Vomeronasal organ, dog. The vomeronasal organs (VNO) lie, bilaterally,
within the rostral portion of the nasal cavity and are surrounded by
cartilage (yellow arrow) and are highly vascularized (black arrow).

**IMPORTANT: cartilage is very important for differentiating between
trachea (dorsally incomplete rings of cartilage), bronchus (plates of
cartilage) and bronchiole (no cartilage). Likewise, as you move down the
respiratory tract, the number of goblet cells in the epithelium
decreases.**

**LARYNX**

The larynx is a complex, tubular organ primarily composed of cartilage
(hyaline + elastic) and skeletal muscle. The **larynx connects the naso-
and oro-pharynx with the trachea**, functioning in air conduction,
vocalization, and in obstructing passage of ingesta into the trachea
during deglutition. The epithelium of the larynx is variable: it is
generally **stratified squamous epithelium in the rostral segment**, but
**ciliated pseudostratified columnar (respiratory) epithelium after the
vocal cords**. The lamina propria below the laryngeal epithelium
contains secretory glands.

6

**TRACHEA**

The luminal (mucosal) surface of the **trachea is lined by ciliated,
pseudostratified columnar epithelium** (i.e. respiratory epithelium)
**interspersed with goblet cells**. The **lamina propria and submucosa**
(not clearly demarcated) **also contain small mixed** (mucous and
serous) **glands and smooth muscle**. The trachea is supported by a
series of **C-shaped cartilaginous (hyaline cartilage) rings**.
**Dorsally**, the ends of the **incomplete cartilaginous rings** of the
trachea are **connected by a band of smooth muscle: the trachealis
muscle**. Externally, the trachea is **surrounded by** a thin layer of
fibrovascular connective tissue **(adventitia)**. NOTE: birds have
complete rings of cartilage.

**BRONCHI**

Distally, the trachea divides into the **left and right mainstem
bronchi**. Bronchi are histologically similar to the trachea. They are
**lined by ciliated, pseudostratified columnar epithelium** (respiratory
epithelium) and **interspersed with goblet cells**. The walls of bronchi
are also supported by **cartilage plates** **(not rings). Bronchi have**
**smooth muscle.** The smooth muscle of airways mediates
bronchoconstriction, the process of contraction and subsequent narrowing
of the airway lumen. Bronchoconstriction is mediated, in part, via mast
cell-derived histamine, and massive histamine release (e.g. anaphylaxis)
is life threatening. Finally, the **lamina propria of bronchi also
contain moderate numbers of mixed glands** (**bronchial glands**). These
are particularly abundant in cats. The mixed seromucous glands secrete
mucin, lactoferrin and lysozyme (bacteriostatic/cidal).
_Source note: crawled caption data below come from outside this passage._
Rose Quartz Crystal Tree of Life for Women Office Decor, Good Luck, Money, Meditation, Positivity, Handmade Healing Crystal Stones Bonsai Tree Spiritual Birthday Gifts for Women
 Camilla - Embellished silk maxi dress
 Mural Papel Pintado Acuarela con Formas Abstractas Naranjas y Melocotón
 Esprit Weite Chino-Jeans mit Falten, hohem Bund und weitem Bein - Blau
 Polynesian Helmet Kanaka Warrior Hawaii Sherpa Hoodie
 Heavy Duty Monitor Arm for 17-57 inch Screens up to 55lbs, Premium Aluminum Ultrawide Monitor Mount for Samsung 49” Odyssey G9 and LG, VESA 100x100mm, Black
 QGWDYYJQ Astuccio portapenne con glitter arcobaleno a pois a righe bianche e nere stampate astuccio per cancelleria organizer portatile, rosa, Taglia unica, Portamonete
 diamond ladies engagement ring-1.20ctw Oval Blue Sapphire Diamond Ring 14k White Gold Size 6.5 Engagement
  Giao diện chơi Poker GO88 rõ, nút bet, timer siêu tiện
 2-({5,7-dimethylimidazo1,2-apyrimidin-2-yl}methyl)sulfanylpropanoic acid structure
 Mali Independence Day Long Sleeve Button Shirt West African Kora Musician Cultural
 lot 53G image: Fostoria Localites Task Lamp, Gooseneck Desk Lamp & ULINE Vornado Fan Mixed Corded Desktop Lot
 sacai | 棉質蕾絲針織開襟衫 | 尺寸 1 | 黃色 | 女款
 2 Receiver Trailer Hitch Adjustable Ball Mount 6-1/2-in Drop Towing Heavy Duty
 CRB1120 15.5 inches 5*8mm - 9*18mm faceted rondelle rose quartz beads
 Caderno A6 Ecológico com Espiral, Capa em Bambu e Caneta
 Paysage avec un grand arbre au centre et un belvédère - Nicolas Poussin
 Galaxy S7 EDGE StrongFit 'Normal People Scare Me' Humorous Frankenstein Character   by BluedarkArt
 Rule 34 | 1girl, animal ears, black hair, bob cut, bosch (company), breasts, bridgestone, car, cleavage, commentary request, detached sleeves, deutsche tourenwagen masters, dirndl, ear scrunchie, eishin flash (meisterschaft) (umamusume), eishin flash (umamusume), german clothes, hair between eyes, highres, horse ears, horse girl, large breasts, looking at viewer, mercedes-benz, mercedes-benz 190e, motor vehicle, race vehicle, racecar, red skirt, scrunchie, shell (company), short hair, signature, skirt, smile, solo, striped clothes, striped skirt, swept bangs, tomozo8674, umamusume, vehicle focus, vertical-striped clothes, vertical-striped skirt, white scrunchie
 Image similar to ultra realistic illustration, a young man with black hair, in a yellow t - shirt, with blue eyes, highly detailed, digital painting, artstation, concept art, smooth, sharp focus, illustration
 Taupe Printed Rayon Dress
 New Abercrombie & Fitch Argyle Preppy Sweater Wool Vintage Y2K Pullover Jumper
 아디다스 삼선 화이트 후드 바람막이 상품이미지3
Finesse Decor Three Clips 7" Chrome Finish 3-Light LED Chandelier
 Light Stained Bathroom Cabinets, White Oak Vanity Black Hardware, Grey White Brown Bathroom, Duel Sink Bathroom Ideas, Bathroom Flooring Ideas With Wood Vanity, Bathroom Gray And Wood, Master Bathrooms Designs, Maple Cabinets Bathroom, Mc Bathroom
As the bronchi extend deep into the pulmonary parenchyma, they continue
to bifurcate, giving rise to smaller caliber (diameter) secondary and
tertiary bronchi. Eventually, **bronchi give way to smaller conducting
airways, bronchioles**. Bronchioles are **thin-walled airways lined by
variably ciliated or nonciliated columnar epithelium**. The **walls are
composed of tangentially arranged smooth muscle**. Bronchioles lack
cartilage and glands which, along with their smaller size, distinguish
them histologically from bronchi. Bronchioles are subdivided into
**terminal** bronchioles and **respiratory** bronchioles (terminal
bronchioles branch and continue as respiratory bronchioles).

The transition between regions of air conduction (i.e. bronchioles) and
regions of air exchange (i.e. alveoli) in the lung progresses through
sequentially distinct segments; from proximal to distal: terminal
bronchioles, respiratory bronchioles, alveolar ducts, alveolar sacs, and
alveoli.

**TERMINAL BRONCHIOLES**

Terminal bronchioles are lined by ciliated cuboidal or columnar cells
with **few to no goblet cells**. In terminal bronchioles, a muscularis
mucosae is present. Therefore, it **is possible to differentiate between
the lamina propria and the submucosa in terminal bronchioles**.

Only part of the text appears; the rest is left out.